Le capacità musicali non mancano, effettivamente: la tecnica c’è, e si sente, l’inventiva pure: solo che si perde poi nella dinamica complessiva che resta quella trita e ritrita delle due chitarre distorte, ben sorrette da batteria e basso, senza sprecarsi nella ricerca di qualche sonorità più originale che pure i Verbaud sarebbero capaci di offrire. La voce regge ed è suadente: ma spesso ricerca la distorsione gracchiante, quando invece, nella sua limpidità attrae molto di più.
Non mancano nemmeno i possibili “singoli” con cui essere lanciati nel mercato: Plastica, ad esempio, è di sicuro ed immediato effetto, come pure Guggenheim, o la tesa Giorno Unico, ma poi nel finale l’album muore un po’ con pezzi come Vuoto, Cieli Grigi, Le mani, che non sembrano molto ispirati.
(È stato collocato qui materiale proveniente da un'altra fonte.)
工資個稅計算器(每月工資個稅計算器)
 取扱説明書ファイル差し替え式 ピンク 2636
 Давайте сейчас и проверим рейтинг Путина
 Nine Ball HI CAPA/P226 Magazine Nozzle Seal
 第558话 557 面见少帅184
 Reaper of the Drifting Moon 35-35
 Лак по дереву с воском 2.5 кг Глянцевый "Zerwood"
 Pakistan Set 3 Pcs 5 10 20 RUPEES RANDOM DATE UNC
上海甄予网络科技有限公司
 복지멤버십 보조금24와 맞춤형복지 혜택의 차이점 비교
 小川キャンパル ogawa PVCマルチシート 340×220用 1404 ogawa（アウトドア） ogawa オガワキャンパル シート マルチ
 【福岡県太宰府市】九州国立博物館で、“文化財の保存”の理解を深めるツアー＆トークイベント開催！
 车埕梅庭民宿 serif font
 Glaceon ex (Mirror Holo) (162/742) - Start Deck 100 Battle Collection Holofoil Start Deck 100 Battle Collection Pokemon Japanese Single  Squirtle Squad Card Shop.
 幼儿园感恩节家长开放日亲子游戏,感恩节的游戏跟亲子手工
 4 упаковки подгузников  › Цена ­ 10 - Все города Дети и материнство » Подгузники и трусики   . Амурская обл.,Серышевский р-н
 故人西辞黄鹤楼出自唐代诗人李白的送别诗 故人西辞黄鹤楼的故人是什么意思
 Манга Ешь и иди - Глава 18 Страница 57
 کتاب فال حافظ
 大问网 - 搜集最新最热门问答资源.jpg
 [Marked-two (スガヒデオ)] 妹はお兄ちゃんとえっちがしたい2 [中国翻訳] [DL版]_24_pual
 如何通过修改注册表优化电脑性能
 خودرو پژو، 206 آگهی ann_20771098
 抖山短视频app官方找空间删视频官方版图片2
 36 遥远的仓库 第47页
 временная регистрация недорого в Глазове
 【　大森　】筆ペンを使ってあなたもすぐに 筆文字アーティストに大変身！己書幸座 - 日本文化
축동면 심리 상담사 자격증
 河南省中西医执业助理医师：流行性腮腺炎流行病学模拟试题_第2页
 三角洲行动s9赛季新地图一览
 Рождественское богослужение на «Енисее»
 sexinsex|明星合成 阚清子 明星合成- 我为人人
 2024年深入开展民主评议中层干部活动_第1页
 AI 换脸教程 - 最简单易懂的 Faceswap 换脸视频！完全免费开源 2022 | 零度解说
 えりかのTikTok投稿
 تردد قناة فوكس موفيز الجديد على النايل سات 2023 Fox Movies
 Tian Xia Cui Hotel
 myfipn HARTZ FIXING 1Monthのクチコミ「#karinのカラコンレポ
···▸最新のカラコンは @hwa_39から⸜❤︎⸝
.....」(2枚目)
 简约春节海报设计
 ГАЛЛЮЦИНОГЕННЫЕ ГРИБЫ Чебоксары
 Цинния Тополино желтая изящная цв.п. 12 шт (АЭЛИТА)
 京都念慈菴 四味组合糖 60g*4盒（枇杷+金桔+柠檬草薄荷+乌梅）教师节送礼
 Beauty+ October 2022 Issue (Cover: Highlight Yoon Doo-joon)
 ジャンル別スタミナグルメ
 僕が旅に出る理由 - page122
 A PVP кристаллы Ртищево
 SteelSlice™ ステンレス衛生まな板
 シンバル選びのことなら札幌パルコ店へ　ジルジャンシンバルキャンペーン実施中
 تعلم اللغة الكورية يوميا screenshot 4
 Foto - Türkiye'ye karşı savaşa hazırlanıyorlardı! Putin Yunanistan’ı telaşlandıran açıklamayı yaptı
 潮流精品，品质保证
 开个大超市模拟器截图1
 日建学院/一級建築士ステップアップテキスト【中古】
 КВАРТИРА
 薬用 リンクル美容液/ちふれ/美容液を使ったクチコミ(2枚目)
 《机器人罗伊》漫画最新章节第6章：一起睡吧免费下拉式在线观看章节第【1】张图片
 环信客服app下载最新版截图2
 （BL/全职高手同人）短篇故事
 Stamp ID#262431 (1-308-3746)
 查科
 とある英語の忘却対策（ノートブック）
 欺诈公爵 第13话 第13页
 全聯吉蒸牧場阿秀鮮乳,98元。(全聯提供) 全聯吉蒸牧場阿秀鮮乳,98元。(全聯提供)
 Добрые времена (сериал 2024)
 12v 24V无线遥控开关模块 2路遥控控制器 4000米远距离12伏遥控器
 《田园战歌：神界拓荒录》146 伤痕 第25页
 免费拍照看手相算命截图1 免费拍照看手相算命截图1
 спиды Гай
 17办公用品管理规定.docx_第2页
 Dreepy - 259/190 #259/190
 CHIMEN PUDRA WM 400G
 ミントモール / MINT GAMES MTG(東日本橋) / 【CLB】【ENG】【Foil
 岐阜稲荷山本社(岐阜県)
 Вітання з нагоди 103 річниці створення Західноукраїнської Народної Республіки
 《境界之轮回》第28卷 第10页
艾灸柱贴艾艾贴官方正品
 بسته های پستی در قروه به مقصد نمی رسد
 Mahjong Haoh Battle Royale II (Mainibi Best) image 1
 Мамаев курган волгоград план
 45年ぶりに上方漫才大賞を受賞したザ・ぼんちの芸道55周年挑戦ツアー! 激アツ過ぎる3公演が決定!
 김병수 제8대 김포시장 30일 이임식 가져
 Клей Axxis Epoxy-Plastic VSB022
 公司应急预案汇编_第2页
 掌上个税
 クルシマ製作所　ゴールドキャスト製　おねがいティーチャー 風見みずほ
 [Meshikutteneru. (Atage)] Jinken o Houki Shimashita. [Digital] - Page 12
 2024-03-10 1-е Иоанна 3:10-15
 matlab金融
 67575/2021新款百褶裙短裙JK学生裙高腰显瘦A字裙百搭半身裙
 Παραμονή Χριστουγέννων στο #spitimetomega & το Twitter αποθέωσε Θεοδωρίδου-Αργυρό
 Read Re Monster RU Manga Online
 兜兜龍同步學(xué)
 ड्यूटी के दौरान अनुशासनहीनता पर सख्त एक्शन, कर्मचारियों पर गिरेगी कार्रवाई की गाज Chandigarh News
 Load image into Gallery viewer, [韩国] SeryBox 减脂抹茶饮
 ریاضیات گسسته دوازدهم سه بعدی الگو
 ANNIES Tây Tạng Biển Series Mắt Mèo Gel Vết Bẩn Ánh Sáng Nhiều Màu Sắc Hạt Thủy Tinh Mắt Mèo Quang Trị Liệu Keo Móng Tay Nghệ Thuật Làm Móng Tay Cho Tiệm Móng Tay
Ma parliamo comunque di una discreta qualità complessiva, specie se il livello di riferimento è il rock italiano, dunque bisogna incoraggiare: basterà seguire le linee più ispirate di alcuni pezzi (Sostanza per esempio è un bell’incompiuto) e non cercare a tutti i costi la distorsione e la durezza, quanto invece l’originalità del sound. Ma già così è un buon inizio.